Former International Association of Athletics Federations (IAAF) chief Lamine Diack has resigned his position as an honorary member of the International Olympic Committee (IOC) after being provisionally suspended as investigations continue into allegations that he accepted €1m in bribes to cover up positive doping tests by Russian athletes.
The 82-year-old, who took charge of track and field's world governing body for 16 years before being succeeded by Lord Sebastian Coe in August, has also stood down as president of the International Athletics Foundation (IAF).
Diack's resignations come just two days after an independent commission launched by the World Anti-Doping Agency (Wada) revealed the findings of its 11-month investigation into allegations of systemic doping in Russian athletics, the results of which supposedly demonstrated a "a deeply rooted culture of cheating".

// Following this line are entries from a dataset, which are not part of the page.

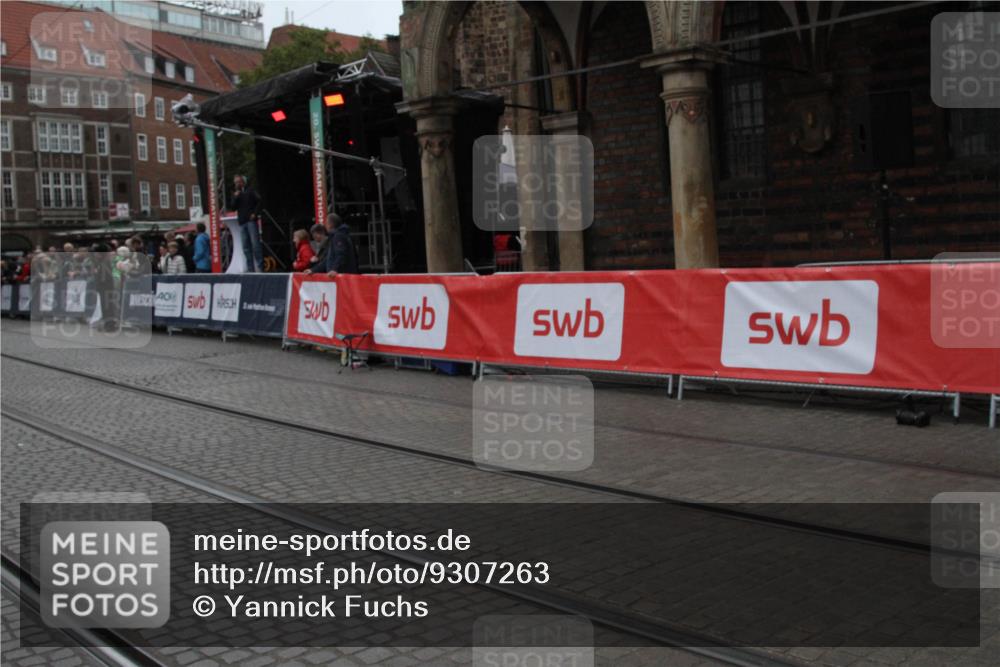 05.10.2025 - 20. swb-Marathon Bremen Yannick Fuchs http://msf.ph/oto/9307263 05.10.2025 12:02:41 Ziel  meine-sportfotos.de
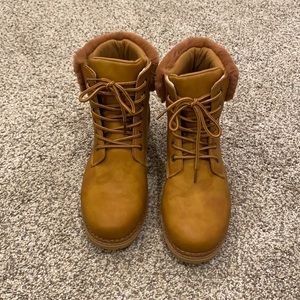 Lace Up Boots - Perfect for Fall!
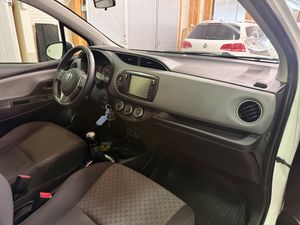 Toyota Yaris bild 13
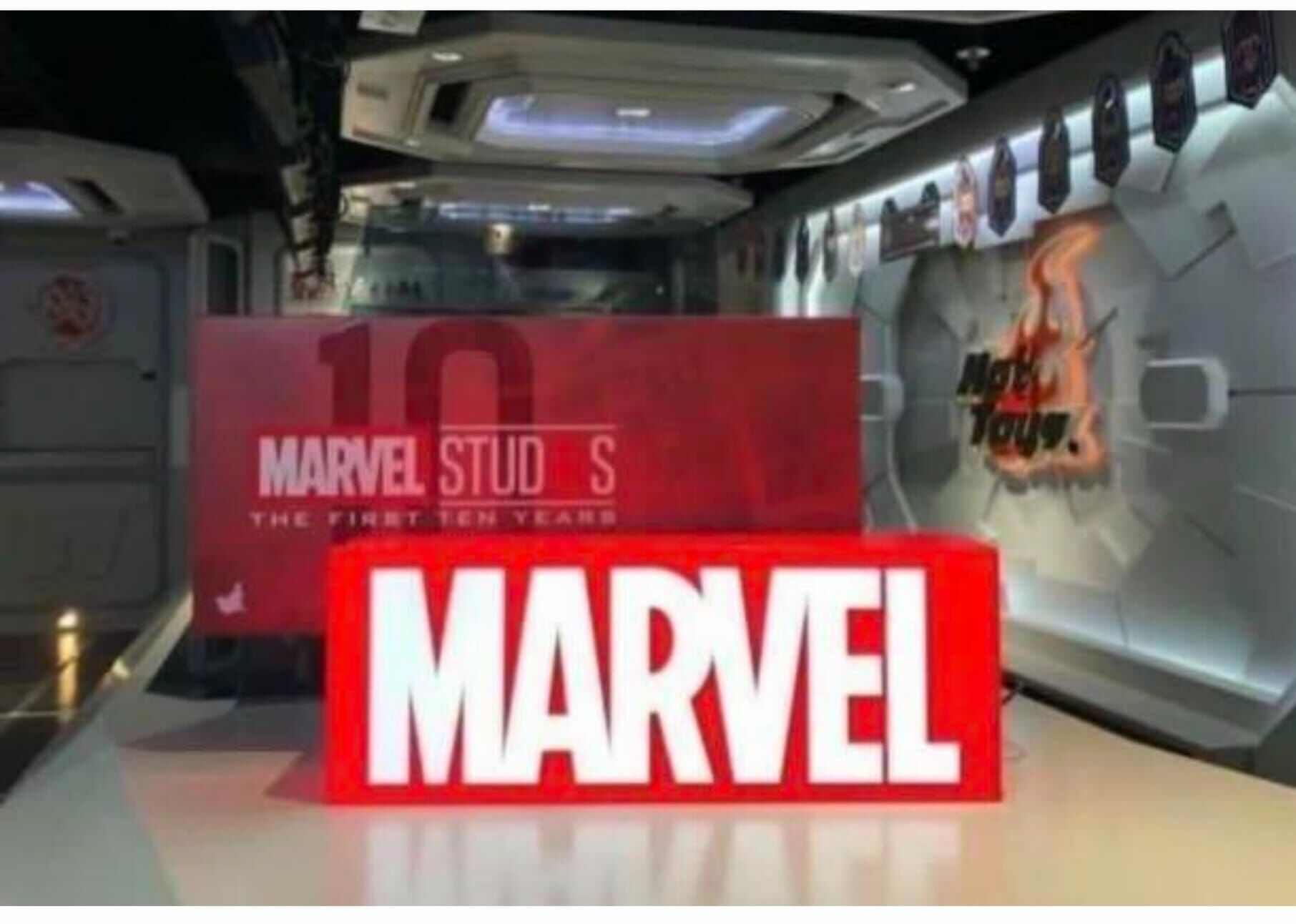全新現貨 hottoys marvel 燈箱 復仇者聯盟endgame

Confirming his suspension on 10 November, an official IOC statement read: "The International Olympic Committee (IOC) is closely monitoring the situation after the Independent Commission of the World Anti-Doping Agency (Wada) released its report on 9 November. The IOC expects the International Association of Athletics Federations (IAAF) and Wada to consider all necessary action to be taken to protect the clean athletes and rebuild trust.
"Even if it has not been directly addressed in the report, the IOC has already decided to take the following steps itself: The IOC's Executive Board decided this afternoon to confirm the proposal of the IOC Ethics Commission to provisionally suspend Mr Lamine Diack, the former President of IAAF, from his honorary membership of the IOC."